-- Collected material follows --

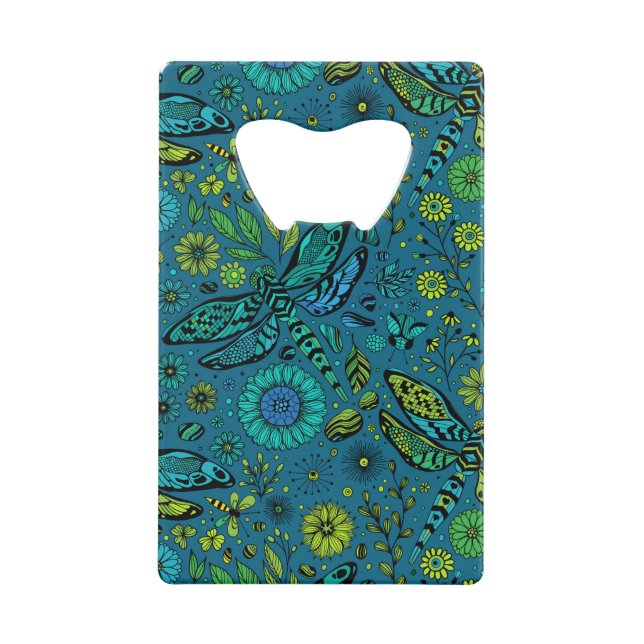 Fliege, Libelle auf blau Geldbeutel Flaschenöffner (Vorderseite)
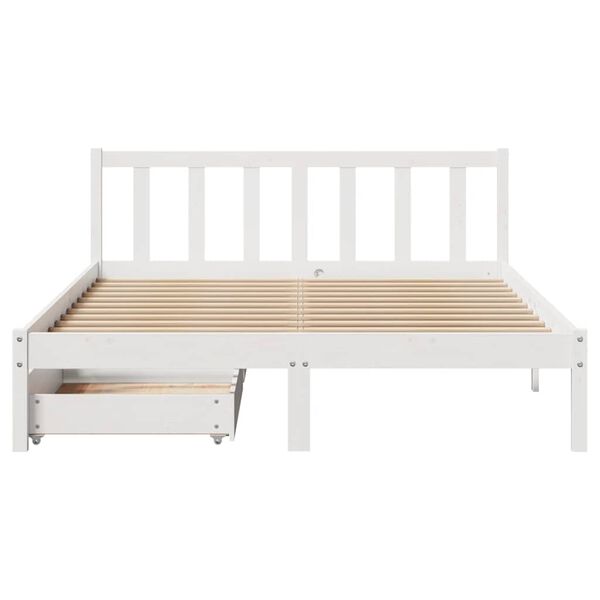 vidaXL Cadre de lit sans matelas blanc 135x190 cm bois de pin massif
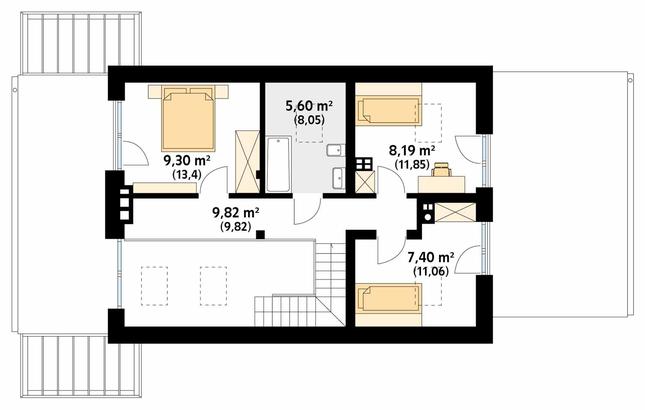 Rzut poddasza POW. 54,2 m²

-- Collected material concluded --

Brief —
Skip the pictures; extract only the lines from the line with "vidaXL Cadre de" through the final line of the material, exactly as they appear.

Result for this task —
 vidaXL Cadre de lit sans matelas blanc 135x190 cm bois de pin massif
 Rzut poddasza POW. 54,2 m²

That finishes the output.